Search the records for "Gift". Copy every line where it appears.

Saved data entries:
[Start of section]
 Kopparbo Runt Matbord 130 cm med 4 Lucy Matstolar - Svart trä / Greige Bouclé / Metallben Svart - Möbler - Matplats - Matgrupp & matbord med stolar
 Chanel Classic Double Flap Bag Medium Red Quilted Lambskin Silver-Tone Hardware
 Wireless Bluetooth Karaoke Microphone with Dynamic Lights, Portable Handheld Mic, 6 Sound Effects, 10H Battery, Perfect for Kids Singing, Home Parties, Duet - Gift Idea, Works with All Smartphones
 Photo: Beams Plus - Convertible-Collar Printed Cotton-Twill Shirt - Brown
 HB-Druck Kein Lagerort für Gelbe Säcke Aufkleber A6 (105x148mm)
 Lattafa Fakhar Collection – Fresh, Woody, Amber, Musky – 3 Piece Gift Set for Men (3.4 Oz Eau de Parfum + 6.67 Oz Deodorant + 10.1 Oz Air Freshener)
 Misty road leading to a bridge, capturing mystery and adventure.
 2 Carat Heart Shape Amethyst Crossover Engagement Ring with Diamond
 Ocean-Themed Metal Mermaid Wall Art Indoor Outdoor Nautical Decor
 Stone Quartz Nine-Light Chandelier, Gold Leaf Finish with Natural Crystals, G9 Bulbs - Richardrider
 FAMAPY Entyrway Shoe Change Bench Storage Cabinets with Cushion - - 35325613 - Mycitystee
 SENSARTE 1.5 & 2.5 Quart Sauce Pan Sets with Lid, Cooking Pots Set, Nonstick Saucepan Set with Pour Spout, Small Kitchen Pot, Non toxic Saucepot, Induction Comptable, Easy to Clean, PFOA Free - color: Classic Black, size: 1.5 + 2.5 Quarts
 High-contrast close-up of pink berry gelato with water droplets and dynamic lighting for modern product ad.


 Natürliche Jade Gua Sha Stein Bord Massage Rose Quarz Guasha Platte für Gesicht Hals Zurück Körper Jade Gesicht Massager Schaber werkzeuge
[End of section]
- SOLVED PROBLEM:
 Wireless Bluetooth Karaoke Microphone with Dynamic Lights, Portable Handheld Mic, 6 Sound Effects, 10H Battery, Perfect for Kids Singing, Home Parties, Duet - Gift Idea, Works with All Smartphones
 Lattafa Fakhar Collection – Fresh, Woody, Amber, Musky – 3 Piece Gift Set for Men (3.4 Oz Eau de Parfum + 6.67 Oz Deodorant + 10.1 Oz Air Freshener)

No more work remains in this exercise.